> AIM OF THE TASK
The result should be an exact copy of only the lines from the one with "Nam Định: Huyện" through the last line of the data below, with pictures omitted.

> EXTRACTED RECORDS
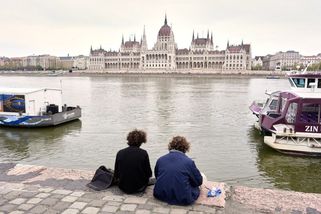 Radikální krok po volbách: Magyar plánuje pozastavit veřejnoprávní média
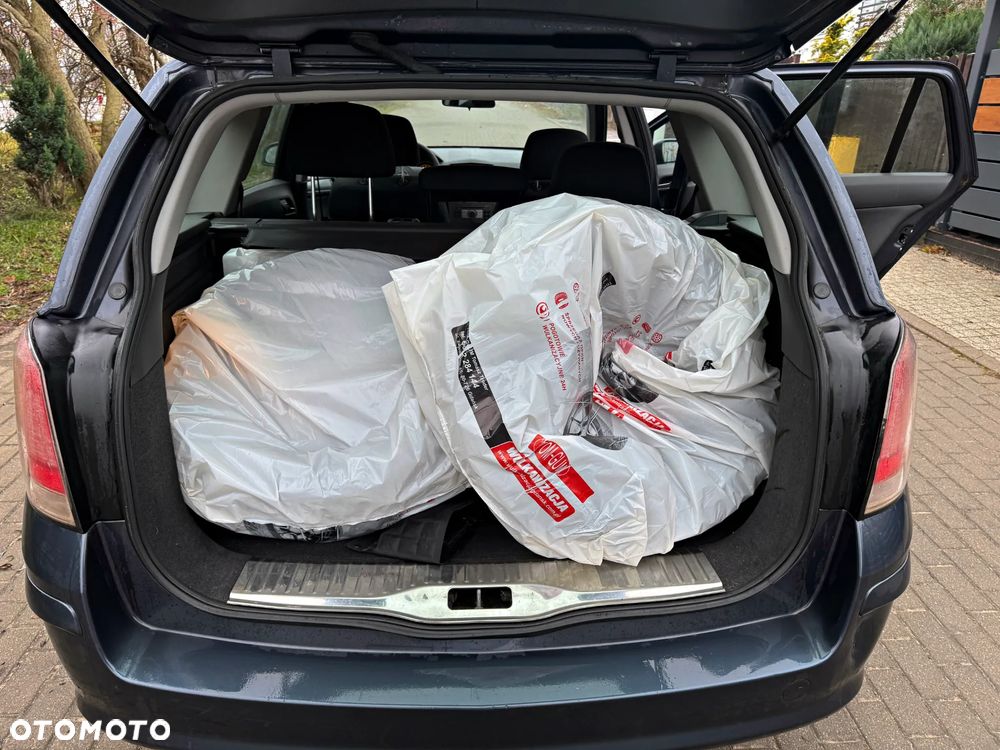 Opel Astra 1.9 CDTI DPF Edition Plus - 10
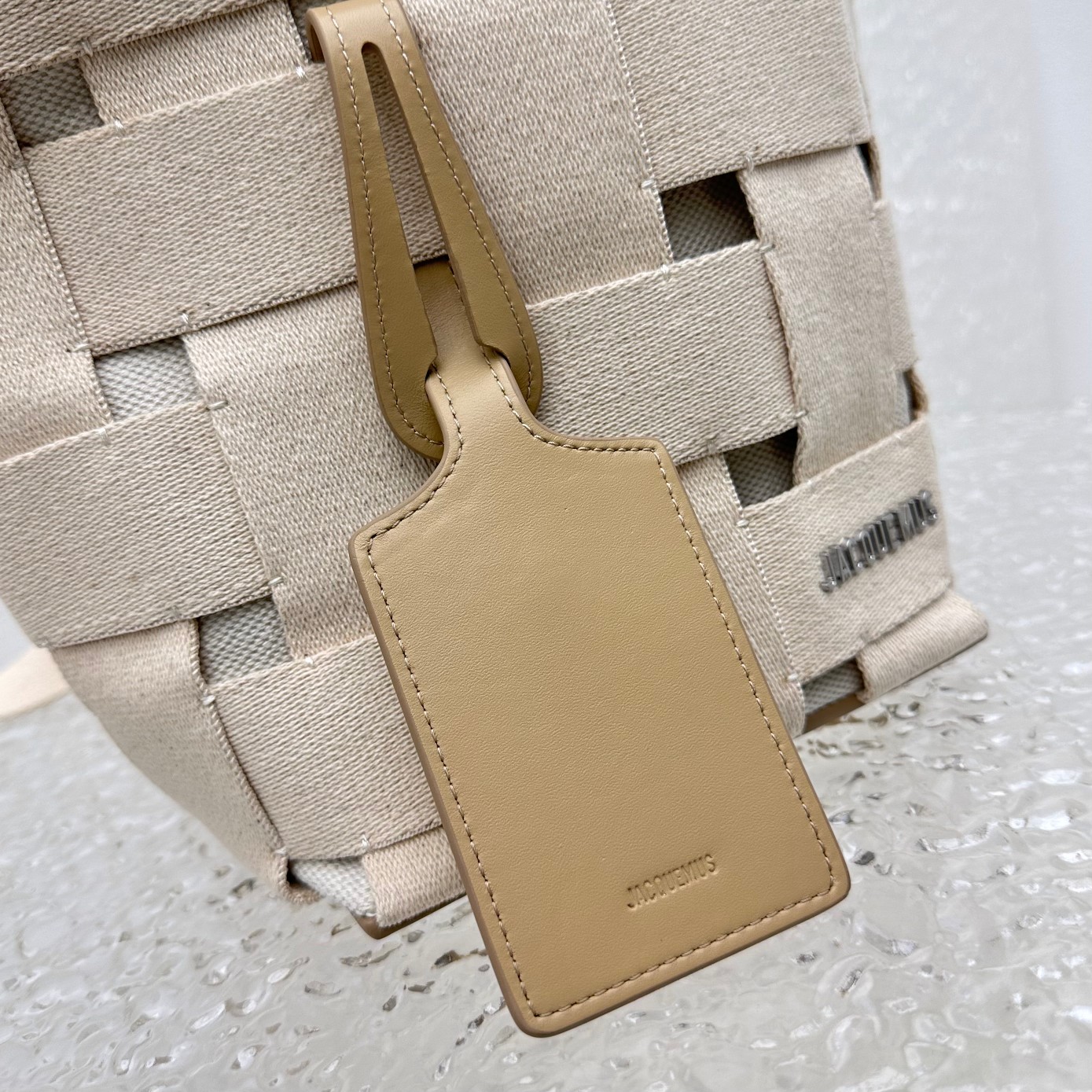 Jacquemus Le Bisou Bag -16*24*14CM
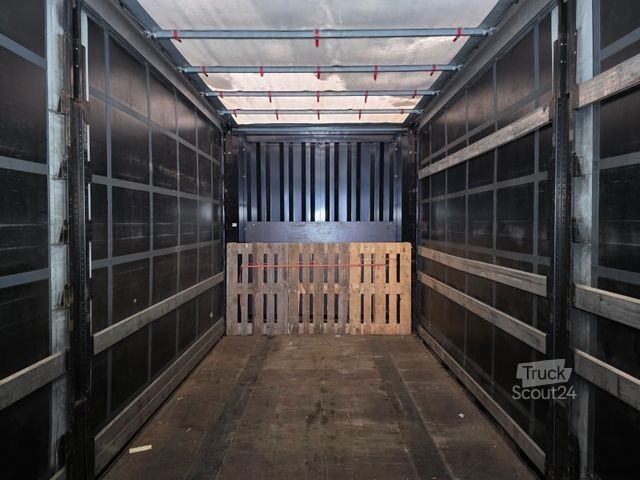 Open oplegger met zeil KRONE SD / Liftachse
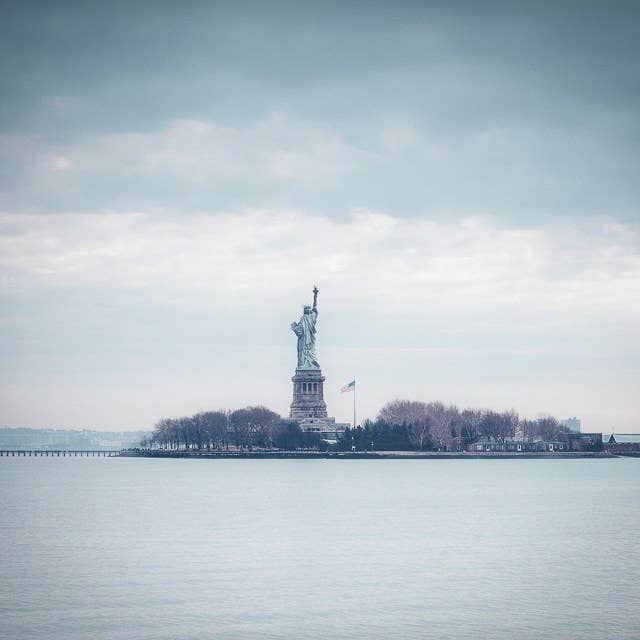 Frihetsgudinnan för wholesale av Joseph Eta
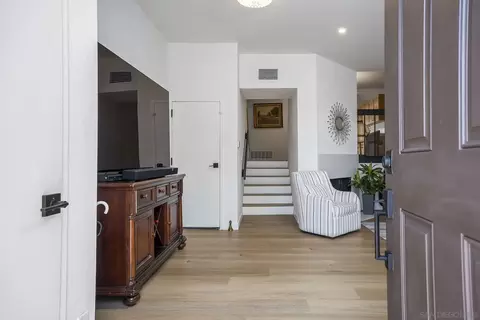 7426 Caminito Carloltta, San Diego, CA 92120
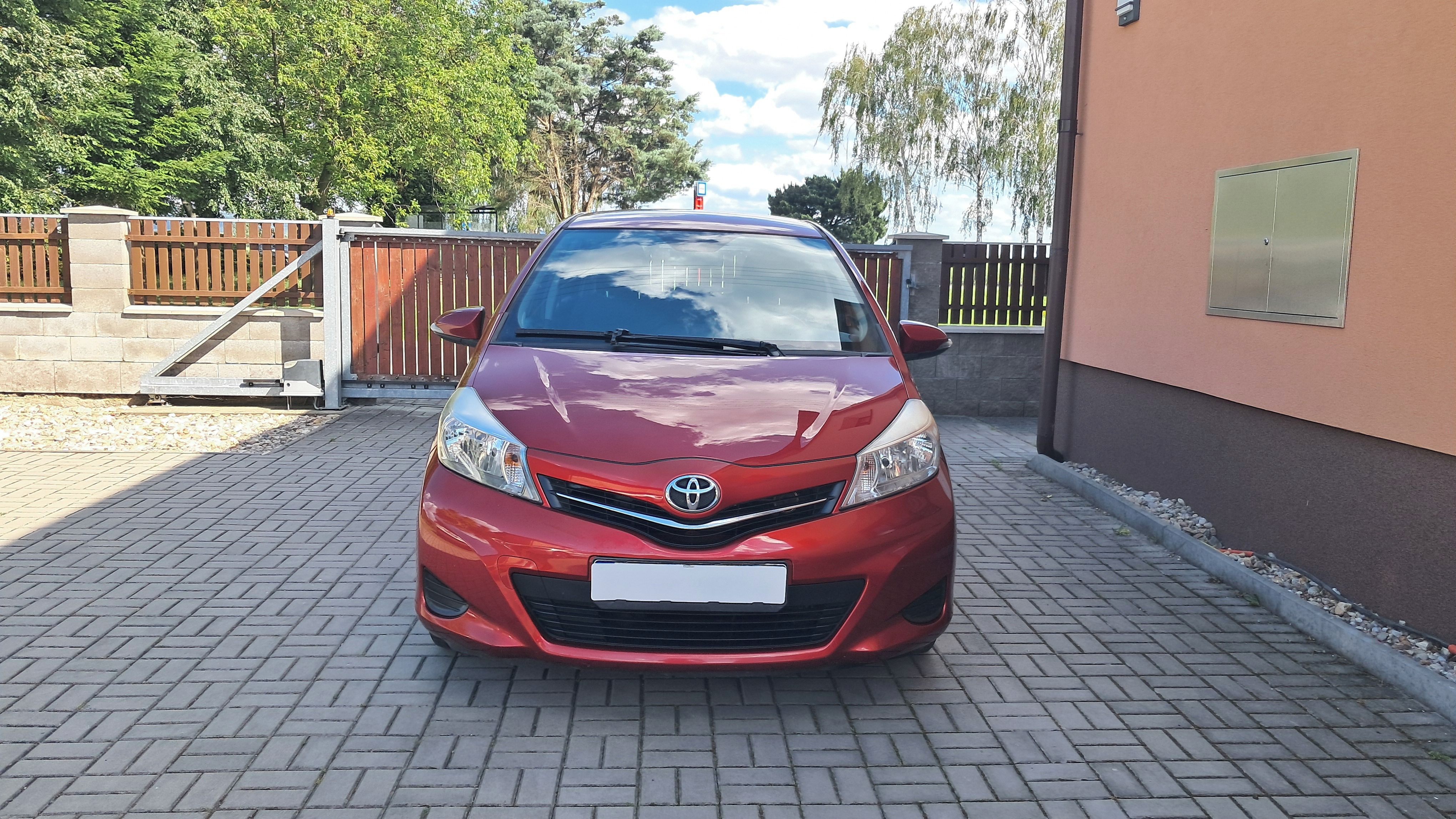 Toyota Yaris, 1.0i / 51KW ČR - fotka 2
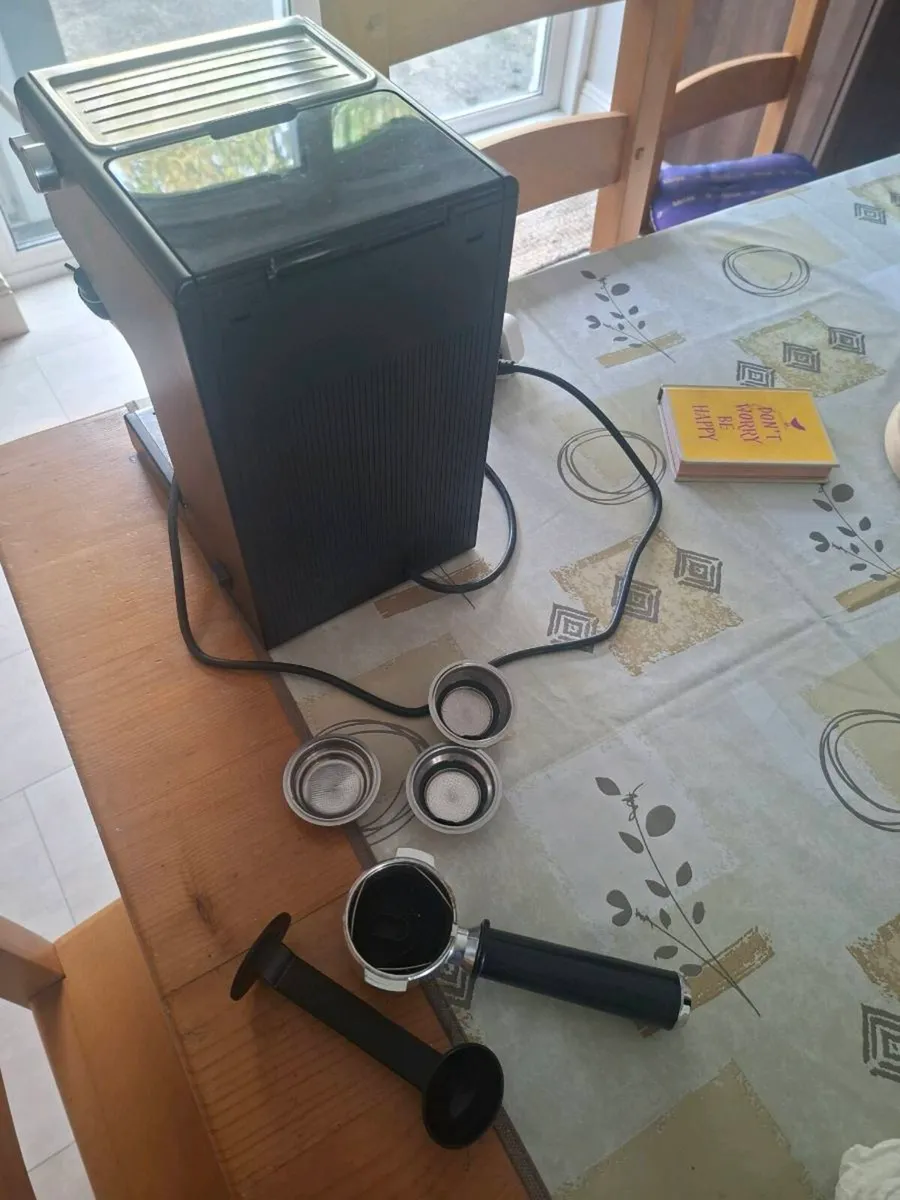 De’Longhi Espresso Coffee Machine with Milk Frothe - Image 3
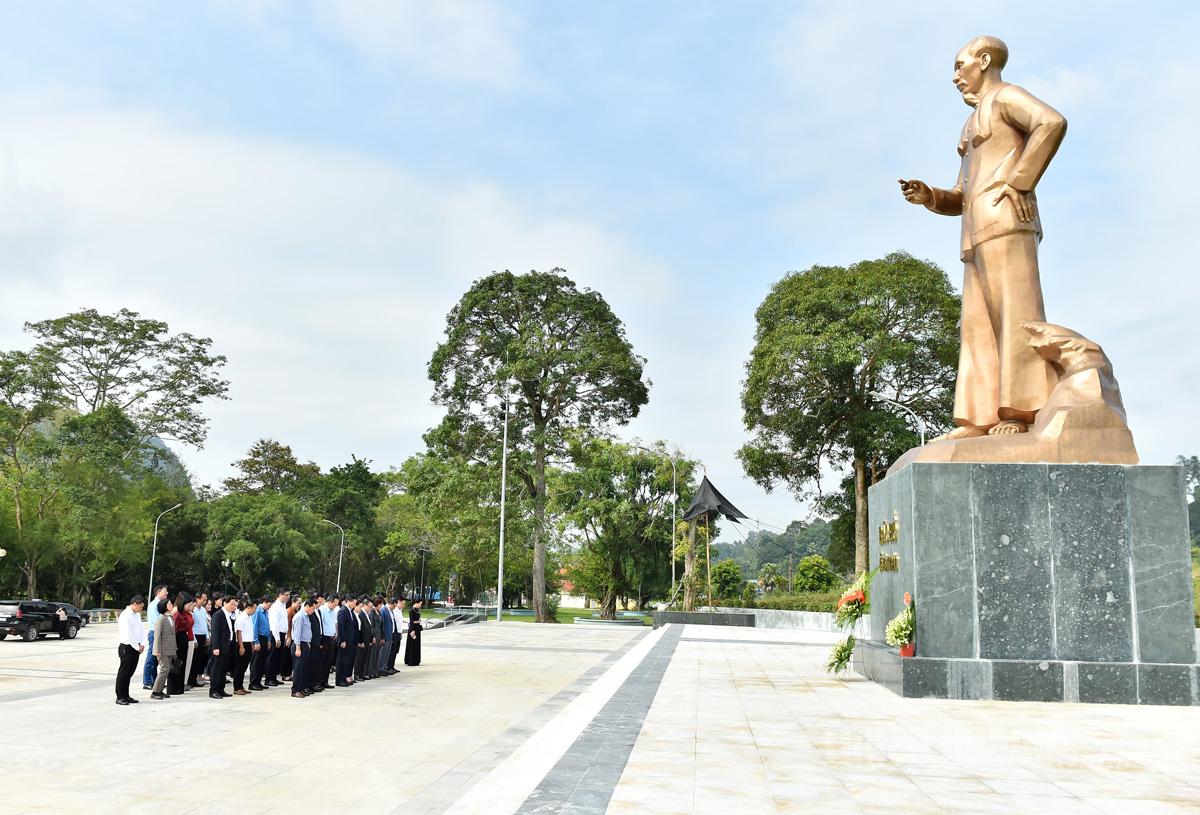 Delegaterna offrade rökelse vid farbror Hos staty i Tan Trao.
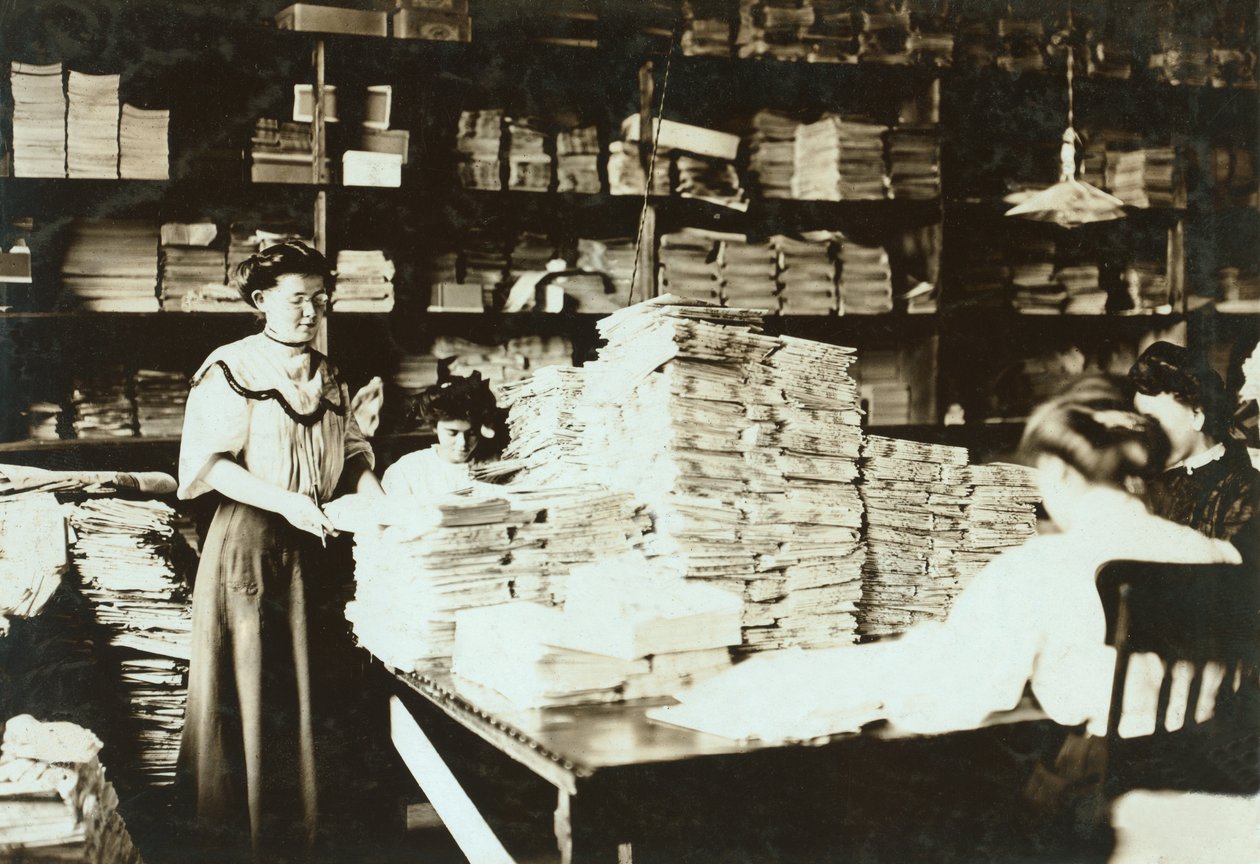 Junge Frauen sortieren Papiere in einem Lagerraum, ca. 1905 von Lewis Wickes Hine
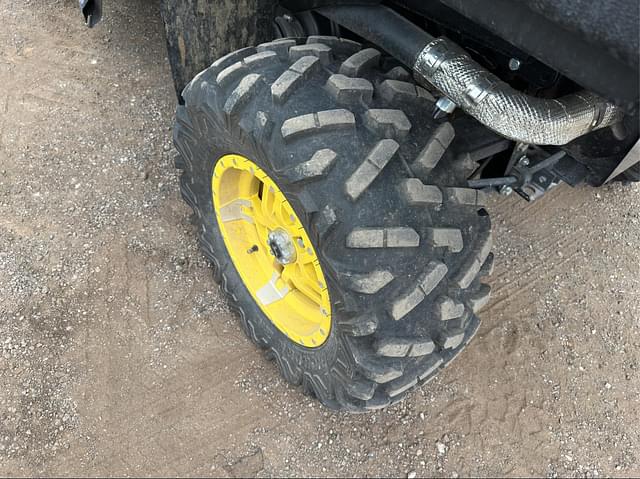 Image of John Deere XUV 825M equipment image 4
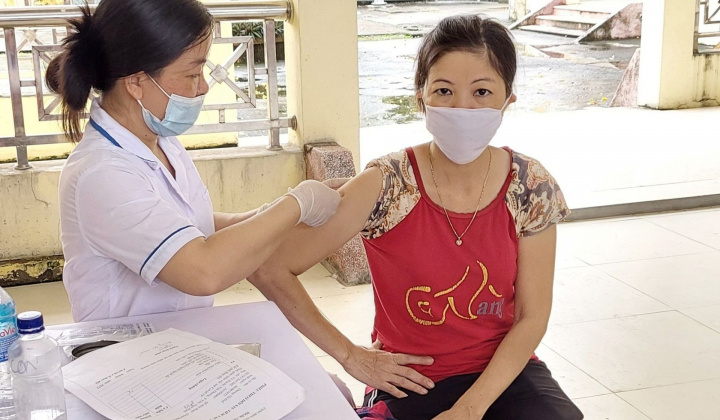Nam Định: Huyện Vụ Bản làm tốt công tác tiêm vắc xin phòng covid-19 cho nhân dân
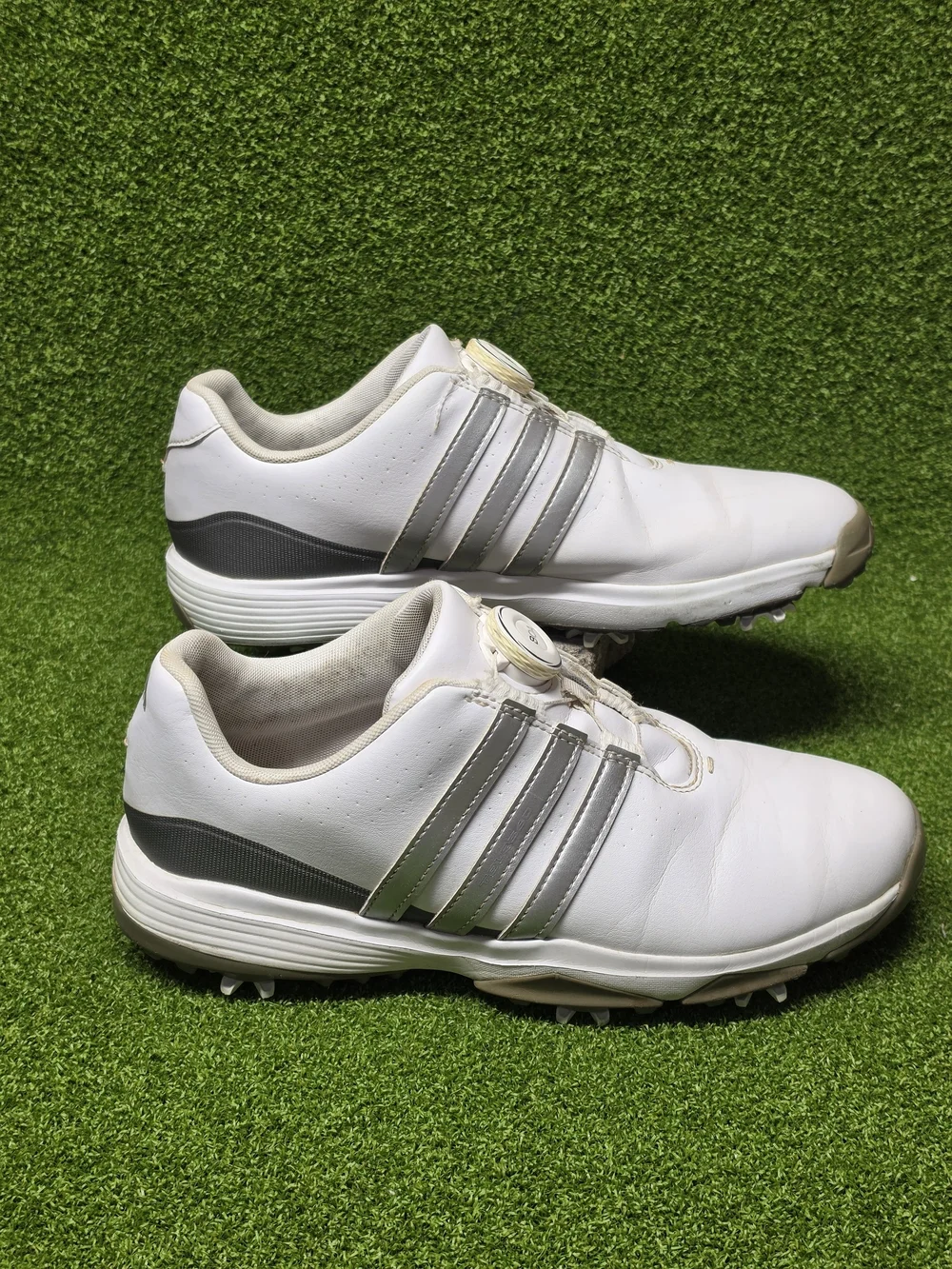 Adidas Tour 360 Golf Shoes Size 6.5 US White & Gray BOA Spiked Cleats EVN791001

> RESULT BELOW
Nam Định: Huyện Vụ Bản làm tốt công tác tiêm vắc xin phòng covid-19 cho nhân dân
 Adidas Tour 360 Golf Shoes Size 6.5 US White & Gray BOA Spiked Cleats EVN791001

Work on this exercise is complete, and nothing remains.